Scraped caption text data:
----
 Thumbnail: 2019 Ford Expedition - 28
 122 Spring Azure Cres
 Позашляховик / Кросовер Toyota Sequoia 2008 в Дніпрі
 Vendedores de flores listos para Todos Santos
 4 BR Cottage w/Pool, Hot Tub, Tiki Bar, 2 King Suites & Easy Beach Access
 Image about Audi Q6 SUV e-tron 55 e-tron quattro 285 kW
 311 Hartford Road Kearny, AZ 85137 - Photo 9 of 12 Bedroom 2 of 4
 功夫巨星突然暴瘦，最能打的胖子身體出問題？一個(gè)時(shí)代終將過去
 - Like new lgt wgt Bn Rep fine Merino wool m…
----
**Instructions for the task**. Set down exactly what runs from the line with "122 Spring Azure Cres" to the last line of the data above, including both of those lines and no others.

**Solution to the problem**.
 122 Spring Azure Cres
 Позашляховик / Кросовер Toyota Sequoia 2008 в Дніпрі
 Vendedores de flores listos para Todos Santos
 4 BR Cottage w/Pool, Hot Tub, Tiki Bar, 2 King Suites & Easy Beach Access
 Image about Audi Q6 SUV e-tron 55 e-tron quattro 285 kW
 311 Hartford Road Kearny, AZ 85137 - Photo 9 of 12 Bedroom 2 of 4
 功夫巨星突然暴瘦，最能打的胖子身體出問題？一個(gè)時(shí)代終將過去
 - Like new lgt wgt Bn Rep fine Merino wool m…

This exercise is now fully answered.